▶ WHAT THE TASK ASKS
Scan the records below and report how many lines contain the word "Short", giving the number by itself.

Data excerpts:

* * * * * * *

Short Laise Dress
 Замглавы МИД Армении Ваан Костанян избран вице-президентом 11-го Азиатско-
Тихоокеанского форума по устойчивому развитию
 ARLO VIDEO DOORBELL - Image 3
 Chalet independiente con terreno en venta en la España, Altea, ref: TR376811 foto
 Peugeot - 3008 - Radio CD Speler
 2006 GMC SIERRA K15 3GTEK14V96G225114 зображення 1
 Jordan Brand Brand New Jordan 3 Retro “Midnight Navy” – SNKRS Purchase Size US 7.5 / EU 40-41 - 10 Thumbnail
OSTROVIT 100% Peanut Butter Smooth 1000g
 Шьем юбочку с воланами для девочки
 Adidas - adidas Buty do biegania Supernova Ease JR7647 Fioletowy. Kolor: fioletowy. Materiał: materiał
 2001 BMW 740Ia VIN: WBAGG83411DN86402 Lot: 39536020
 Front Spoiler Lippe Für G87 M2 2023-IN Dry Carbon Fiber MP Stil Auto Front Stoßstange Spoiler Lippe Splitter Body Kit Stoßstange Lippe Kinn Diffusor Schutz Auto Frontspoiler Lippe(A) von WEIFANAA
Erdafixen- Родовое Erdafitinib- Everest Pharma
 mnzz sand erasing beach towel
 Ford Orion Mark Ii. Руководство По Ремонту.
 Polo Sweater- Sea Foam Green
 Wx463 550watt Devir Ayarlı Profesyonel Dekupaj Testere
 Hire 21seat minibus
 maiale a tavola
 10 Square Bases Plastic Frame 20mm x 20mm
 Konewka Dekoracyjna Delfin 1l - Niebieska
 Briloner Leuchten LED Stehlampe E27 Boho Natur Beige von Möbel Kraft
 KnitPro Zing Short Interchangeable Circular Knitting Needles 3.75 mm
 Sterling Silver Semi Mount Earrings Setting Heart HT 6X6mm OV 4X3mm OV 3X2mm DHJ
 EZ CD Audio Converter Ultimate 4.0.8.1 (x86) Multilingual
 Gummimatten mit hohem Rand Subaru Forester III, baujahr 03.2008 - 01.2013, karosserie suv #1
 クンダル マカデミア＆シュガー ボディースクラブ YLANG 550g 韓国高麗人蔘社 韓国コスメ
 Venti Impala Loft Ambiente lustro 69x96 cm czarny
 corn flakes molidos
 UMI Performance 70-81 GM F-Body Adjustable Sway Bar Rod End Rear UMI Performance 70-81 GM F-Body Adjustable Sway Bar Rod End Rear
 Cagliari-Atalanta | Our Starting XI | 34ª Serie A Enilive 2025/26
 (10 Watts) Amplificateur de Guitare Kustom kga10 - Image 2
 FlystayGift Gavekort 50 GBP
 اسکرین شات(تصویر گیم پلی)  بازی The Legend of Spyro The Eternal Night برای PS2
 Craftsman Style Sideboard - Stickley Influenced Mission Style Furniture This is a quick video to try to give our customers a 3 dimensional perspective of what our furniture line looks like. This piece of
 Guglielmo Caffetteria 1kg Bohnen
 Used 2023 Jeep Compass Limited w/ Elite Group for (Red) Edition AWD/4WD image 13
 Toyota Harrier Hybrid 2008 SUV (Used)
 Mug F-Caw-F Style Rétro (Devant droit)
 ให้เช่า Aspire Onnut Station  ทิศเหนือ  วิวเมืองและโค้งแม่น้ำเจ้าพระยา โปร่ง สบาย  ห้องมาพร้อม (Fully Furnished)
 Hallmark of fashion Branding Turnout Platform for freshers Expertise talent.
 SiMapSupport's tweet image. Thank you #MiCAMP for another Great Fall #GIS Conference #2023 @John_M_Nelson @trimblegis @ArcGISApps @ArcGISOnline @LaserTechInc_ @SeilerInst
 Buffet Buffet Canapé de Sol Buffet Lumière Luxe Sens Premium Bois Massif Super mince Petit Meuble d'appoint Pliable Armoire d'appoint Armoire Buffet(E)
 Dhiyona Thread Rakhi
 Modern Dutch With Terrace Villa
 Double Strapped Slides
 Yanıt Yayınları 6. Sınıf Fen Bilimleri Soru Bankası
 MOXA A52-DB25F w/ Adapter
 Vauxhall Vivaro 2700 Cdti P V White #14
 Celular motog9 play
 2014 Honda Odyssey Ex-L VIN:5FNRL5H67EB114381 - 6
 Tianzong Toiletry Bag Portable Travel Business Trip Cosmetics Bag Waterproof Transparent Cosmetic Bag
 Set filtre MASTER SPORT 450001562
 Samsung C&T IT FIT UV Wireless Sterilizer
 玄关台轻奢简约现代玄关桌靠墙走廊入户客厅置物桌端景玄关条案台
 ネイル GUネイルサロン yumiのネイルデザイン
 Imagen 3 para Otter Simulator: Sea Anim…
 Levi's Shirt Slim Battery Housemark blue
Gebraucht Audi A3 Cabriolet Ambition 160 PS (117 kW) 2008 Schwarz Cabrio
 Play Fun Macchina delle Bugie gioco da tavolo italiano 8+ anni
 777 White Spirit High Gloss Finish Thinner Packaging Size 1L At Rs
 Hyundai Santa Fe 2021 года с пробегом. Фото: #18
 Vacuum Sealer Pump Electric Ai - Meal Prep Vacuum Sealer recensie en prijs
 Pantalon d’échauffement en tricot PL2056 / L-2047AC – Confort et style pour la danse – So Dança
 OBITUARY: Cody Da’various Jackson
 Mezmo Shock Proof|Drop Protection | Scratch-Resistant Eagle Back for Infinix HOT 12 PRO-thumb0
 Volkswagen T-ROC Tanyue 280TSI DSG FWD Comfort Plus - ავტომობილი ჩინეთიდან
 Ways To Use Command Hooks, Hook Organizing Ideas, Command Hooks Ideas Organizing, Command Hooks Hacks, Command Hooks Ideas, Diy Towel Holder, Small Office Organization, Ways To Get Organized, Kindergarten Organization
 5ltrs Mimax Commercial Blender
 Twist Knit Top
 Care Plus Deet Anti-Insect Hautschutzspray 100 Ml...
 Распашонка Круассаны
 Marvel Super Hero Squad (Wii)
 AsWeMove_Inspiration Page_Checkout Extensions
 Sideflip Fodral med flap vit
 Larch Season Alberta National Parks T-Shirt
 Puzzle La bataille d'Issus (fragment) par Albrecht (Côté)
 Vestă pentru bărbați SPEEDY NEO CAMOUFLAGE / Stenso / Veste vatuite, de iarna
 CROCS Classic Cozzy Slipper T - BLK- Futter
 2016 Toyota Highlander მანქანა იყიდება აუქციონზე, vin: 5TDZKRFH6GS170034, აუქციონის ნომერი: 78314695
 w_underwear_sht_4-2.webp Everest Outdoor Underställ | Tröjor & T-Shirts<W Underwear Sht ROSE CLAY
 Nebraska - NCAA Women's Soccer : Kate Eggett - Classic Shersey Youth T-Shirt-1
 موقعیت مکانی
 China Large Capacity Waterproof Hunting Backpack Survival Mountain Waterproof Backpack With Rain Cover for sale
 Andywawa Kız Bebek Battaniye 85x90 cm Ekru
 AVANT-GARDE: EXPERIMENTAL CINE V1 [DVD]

* * * * * * *

▶ SOLUTION BELOW
2